### DIRECTIONS
The line containing "Taro 13'' Lantern (279|RB 5097AB-CG)" marks the start of the required copy, which runs to the final line of the entries; return those lines exactly, without any pictures.

Pictures with short captions:
____
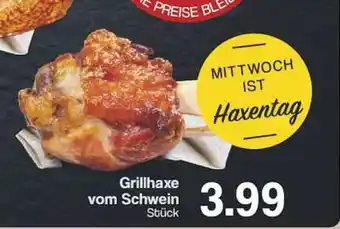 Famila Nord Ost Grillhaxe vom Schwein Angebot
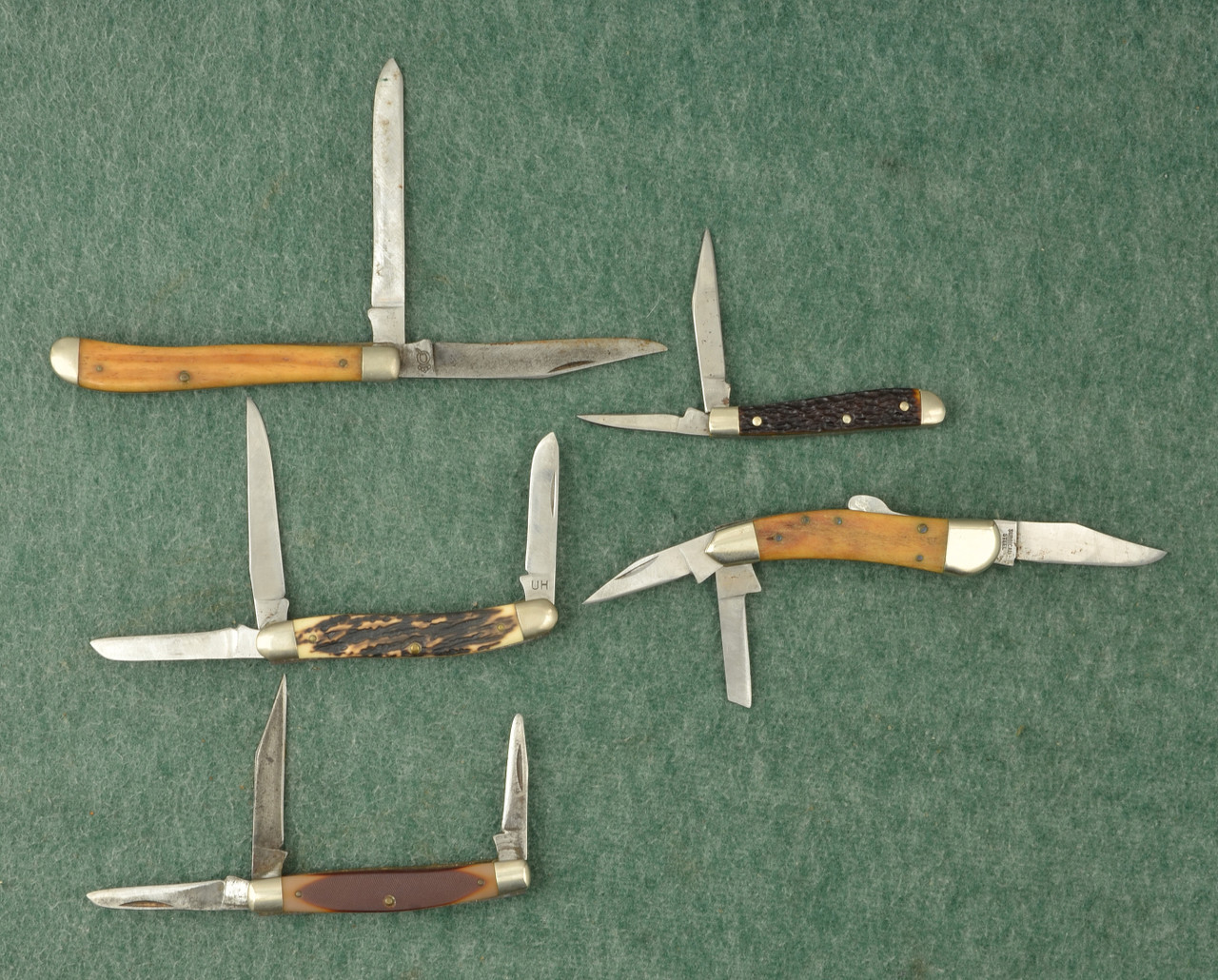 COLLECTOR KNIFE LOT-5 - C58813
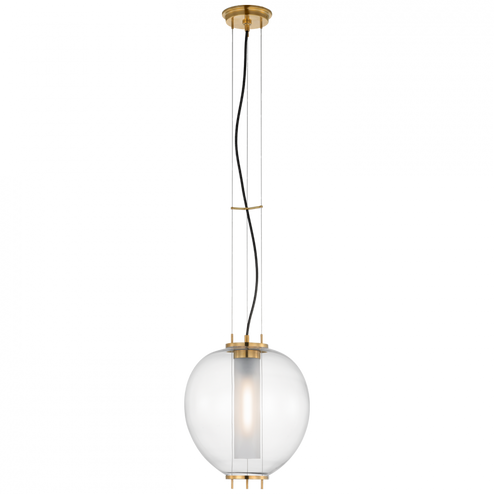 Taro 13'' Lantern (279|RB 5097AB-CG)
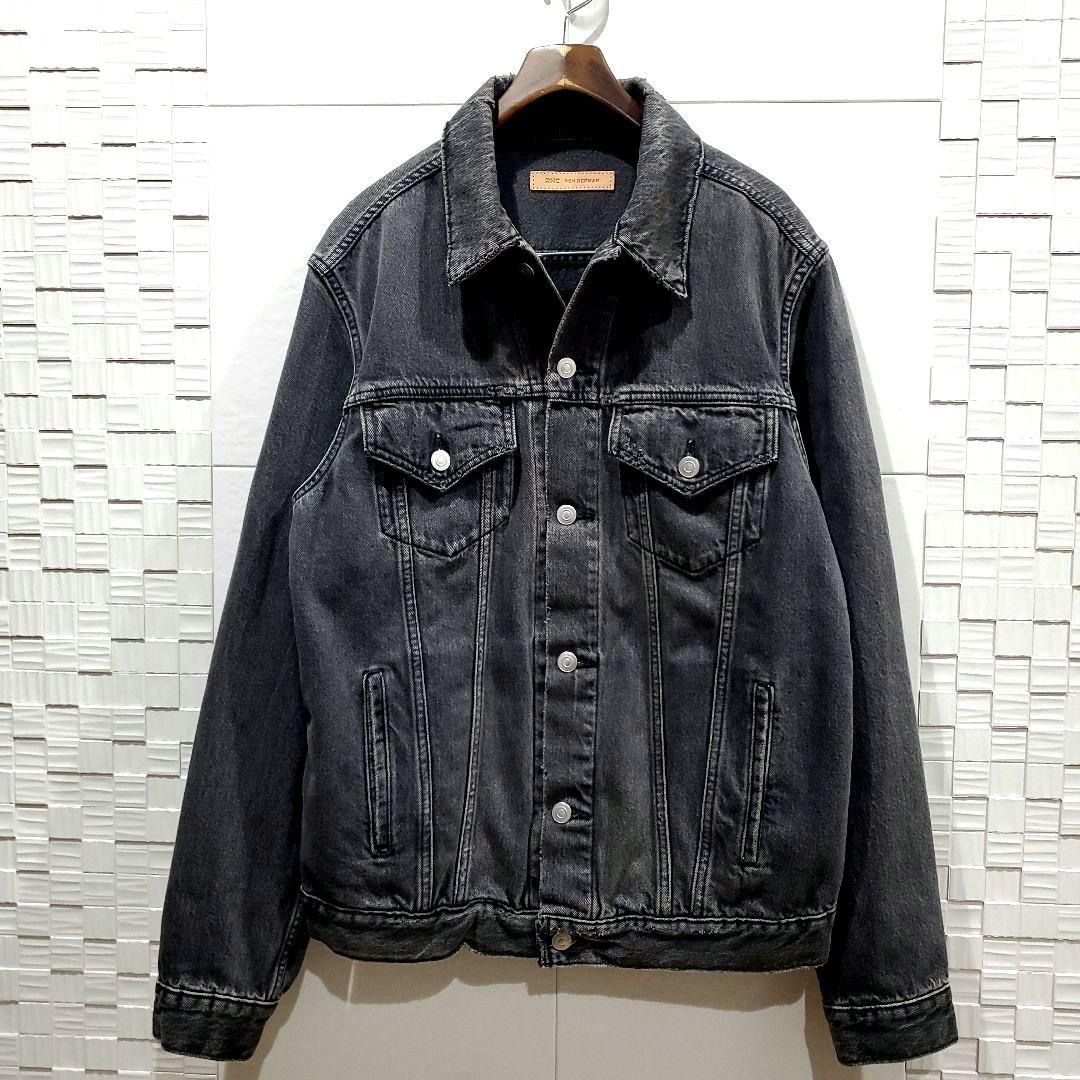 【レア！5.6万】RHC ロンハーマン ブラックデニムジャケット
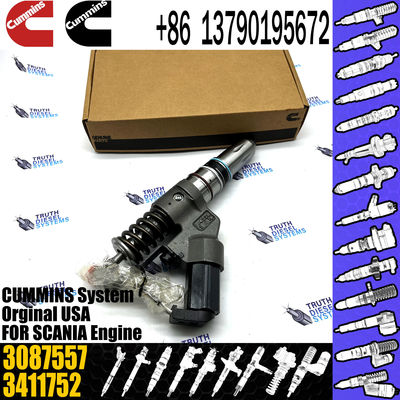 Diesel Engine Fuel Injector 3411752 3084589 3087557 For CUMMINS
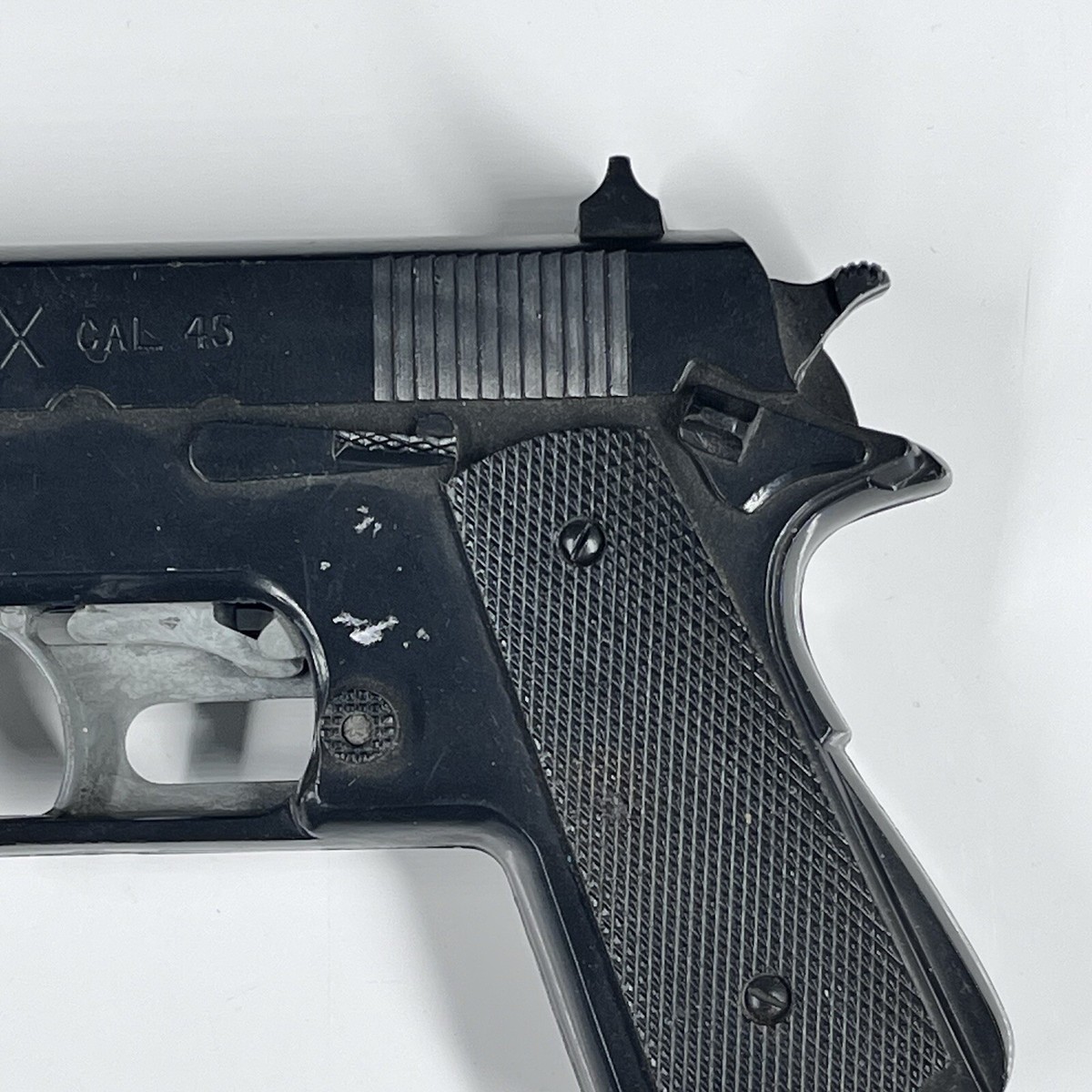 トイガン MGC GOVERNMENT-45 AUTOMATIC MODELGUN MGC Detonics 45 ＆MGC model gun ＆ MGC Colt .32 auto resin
____
### EXERCISE OUTPUT
 Taro 13'' Lantern (279|RB 5097AB-CG)
 【レア！5.6万】RHC ロンハーマン ブラックデニムジャケット
 Diesel Engine Fuel Injector 3411752 3084589 3087557 For CUMMINS
 トイガン MGC GOVERNMENT-45 AUTOMATIC MODELGUN MGC Detonics 45 ＆MGC model gun ＆ MGC Colt .32 auto resin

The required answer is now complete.